Finally, the eigenvectors of H define the 3N vibrational modes of the protein ${\left\{|v_i\rangle \right\}}_{i=1\dots 3N}$. Following (11, 12, 13, 14, 15), the overlap q_i between the allosteric response and mode i characterizes their similarity (q_i = 1 implies that they are identical):

$$q_i=\frac{\left|\langle d{R}_a|v_i\rangle \right|}{\sqrt{\langle d{R}_a|d{R}_a\rangle \langle v_i|v_i\rangle }}.$$ (3)

Results and Discussion

Geometrical interpretation of mechanical constraints in induced fit allostery

As sketched in Fig. 1 A, a protein with two binding sites can be unbound (labeled “00”), bound to a single ligand (labeled “01” or “10”), or doubly bound (labeled “11”). We define by E₀₀, E₁₀, E₀₁, E₁₁ the energy of the protein in these four situations (corresponding to the minimal energy of their energy landscape) and choose E₀₀ = 0 as the reference energy. Cooperativity is then defined as

$$\mathit{\Delta \Delta }E=E_{10}+E_{01}-E_{11}.$$ (4)

To simplify notation below, we assume a symmetry between the states 01 and 10, in particular E₁₀ = E₀₁. Our qualitative conclusions below, however, remain valid even if this symmetry does not hold.

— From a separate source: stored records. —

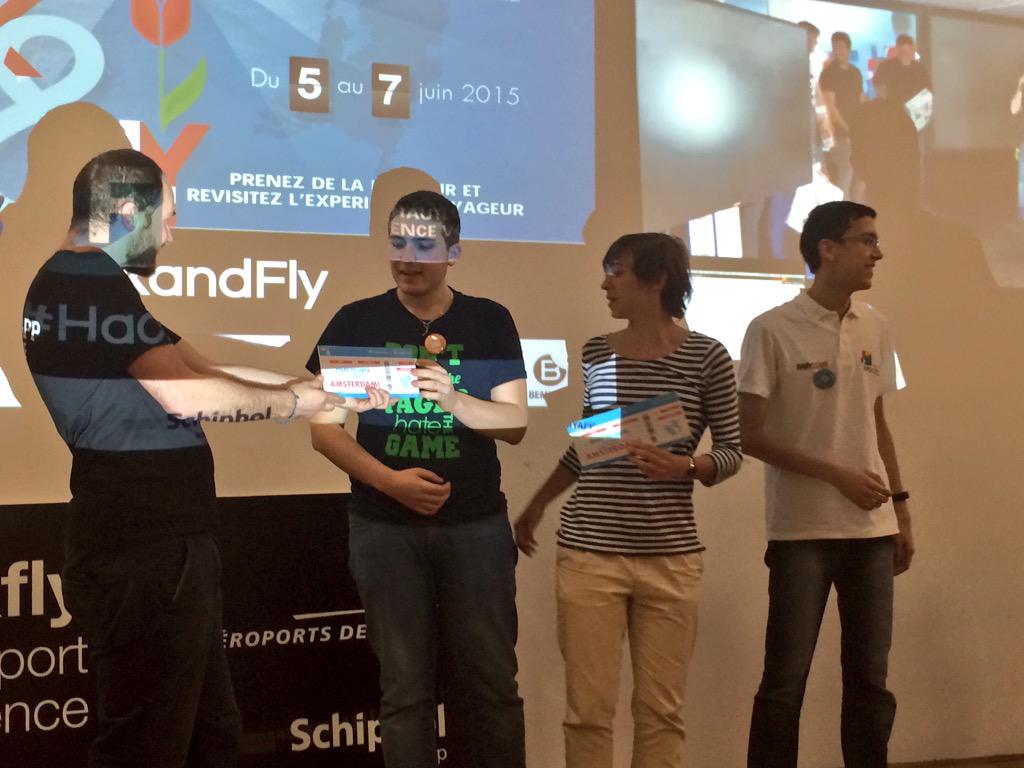 GroupeADP's tweet image. 1st prize #Paris #hackandfly : #Planifly wins a ticket to Amsterdam ! Say Hello to our counterparts at @Schiphol !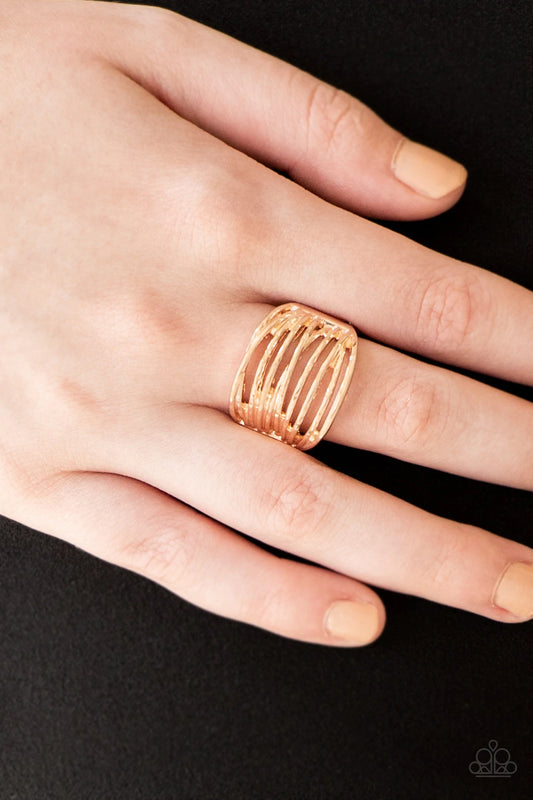 Give Me Space Rose Gold Ring Paparazzi R0084
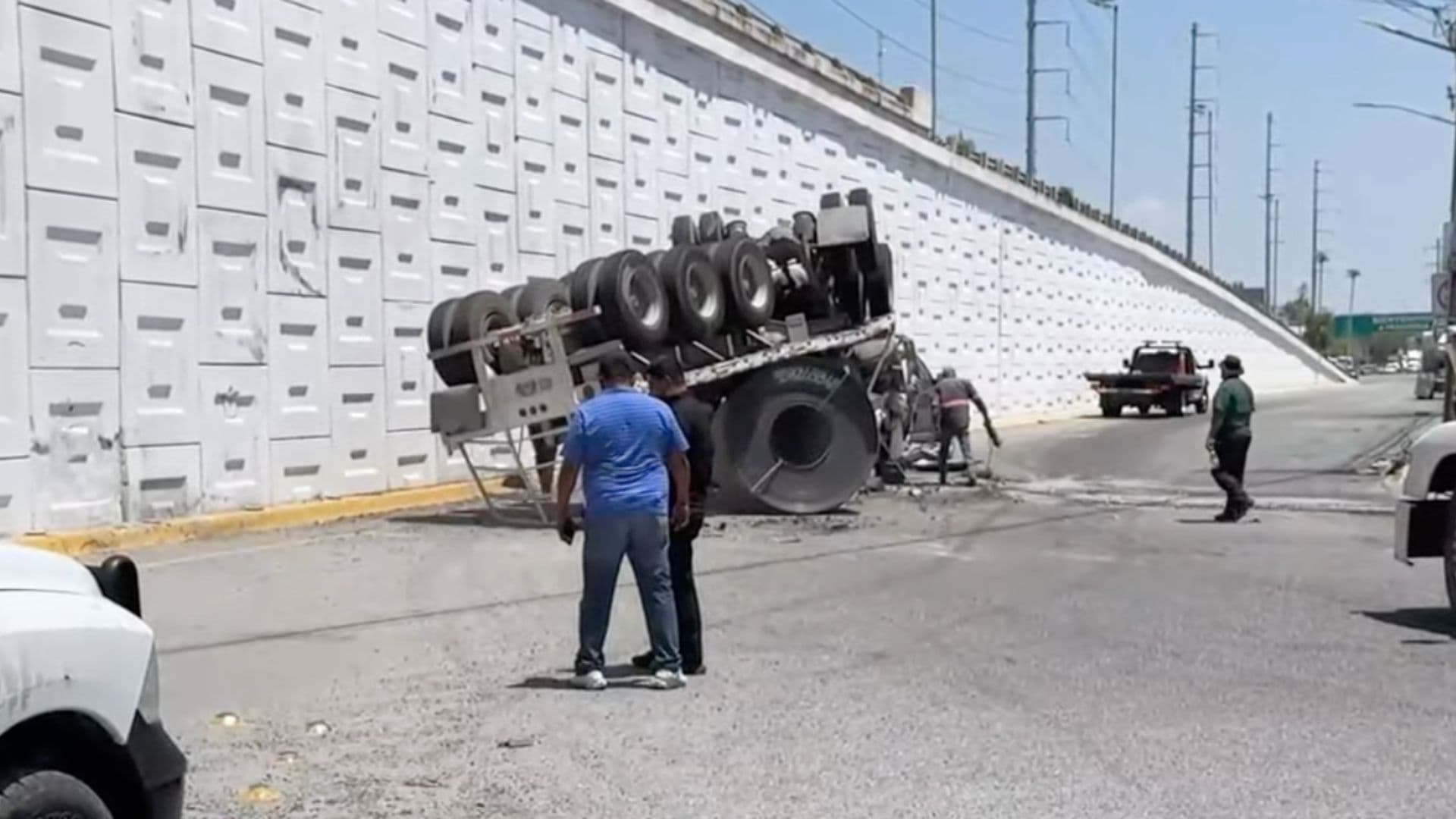 Volcadura tráiler Miguel Alemán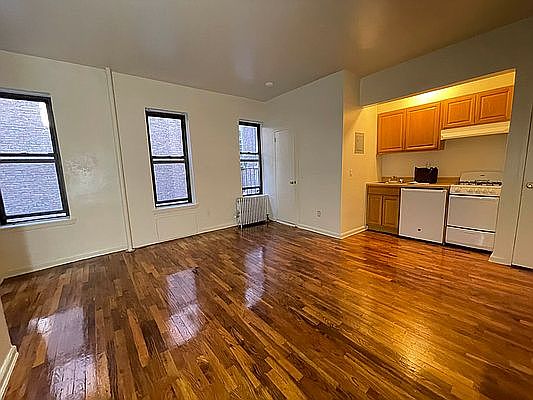 1st image of 220 E 29th St #3DS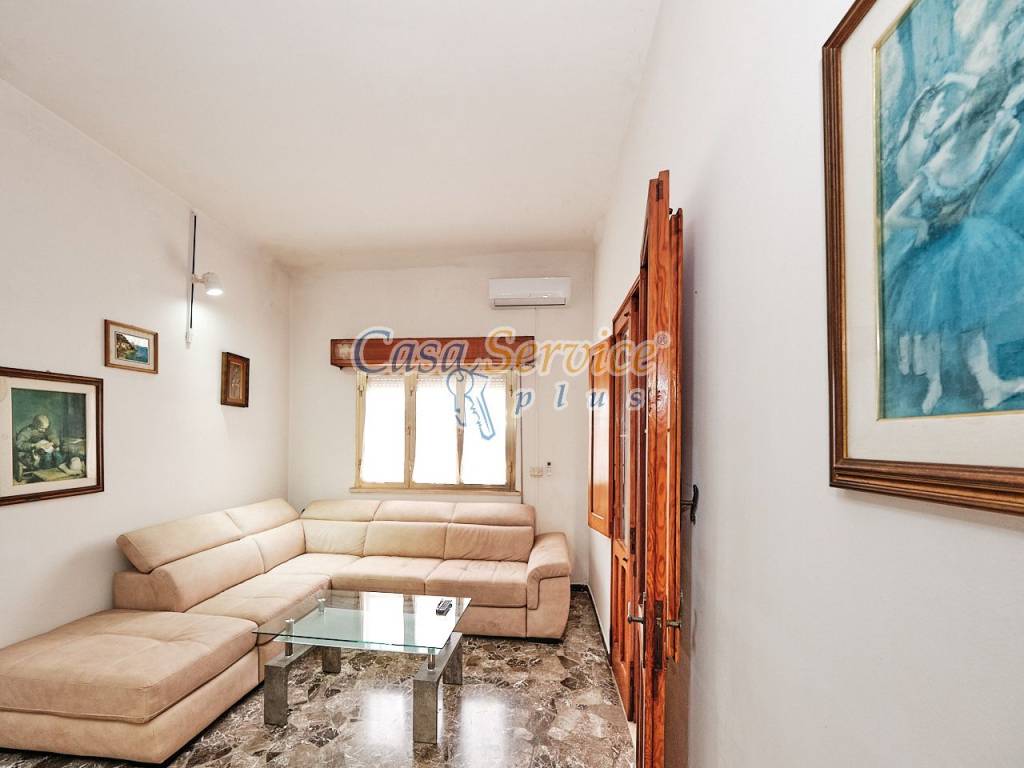 Casa indipendente a Racale in Via Asiago - Foto 5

Consider a protein displaying cooperativity thanks to the presence of a soft elastic mode. Let us denote by x a variable indicating the motion along that mode (see our numerical model below for a concrete example in the context of a shear design), which varies from zero to unity as the protein undergoes its allosteric response. The energy profile E₀₀(x) of the unbound state follows

$$E_{00}\left(x\right)=k_a{\Vert d{R}_a\Vert }^{2}f\left(x\right),$$ (5)

where ${\Vert d{R}_a\Vert }^2=\sum _{i=\mathrm{1...}N}{\Vert d{\overrightarrow{R}}_i\Vert }^2$ is the norm of the allosteric response $|d{R}_a⟩\equiv \left\{d{\overrightarrow{R}}_a\left(i\right)\right\}$ and $d{\overrightarrow{R}}_a\left(i\right)$ is the vector displacement of the amino acid i. We expect that if the protein has N residues, ||dR_a||² is on the order of Na², where a is the interatomic distance. We will confirm empirically the dependence of ||dR_a||² with N below. k_a is the mode stiffness and f(x) some function of order unity such that f″(x = 0) = 1. For a purely linear elastic material, f(x) = x²/2. More generally, for the induced fit scenario, f(x) presents a single minimum, as illustrated in Fig. 1 B. In (21), it was argued that if linear elasticity applies, then there is an optimal stiffness $k_a^{\ast }$ for cooperativity. We present a geometrical interpretation of this result that extends it to the induced fit scenario in general and will be useful to explain why the population shift scenario behaves differently. Local chemical interactions that lead to identical binding energies for the inactive and active states do not affect cooperativity and thus need not be considered here. For concreteness, we assume that after some motion x₀ = 1 along that mode, the protein shape can accommodate perfectly both ligands without deforming. It implies that the energy profiles of the bound states E₁₀(x) and E₁₁(x) satisfy E₁₀(x₀) = E₁₁(x₀) = E₀₀(x₀), as pictured in Fig. 1 B. However as x departs from x₀, the protein shape does not match the ligands, imposing an elastic strain at the binding sites and leading to an increase of elastic energy in the protein that will trigger motion along other elastic modes. Assuming that the ligands are rigid and that each binding site involves on the order of n₀ atoms that move by a distance a as the protein undergoes its allosteric response, we have E₀₁(x) − E₀₀(x) = n₀ka²g(x − x₀), where k characterizes the stiffness of interatomic interactions and is large in comparison with the one of soft modes, i.e., k $\gg$ k_a. Here, g is some dimensionless function vanishing quadratically in zero but possibly nonlinear at large arguments.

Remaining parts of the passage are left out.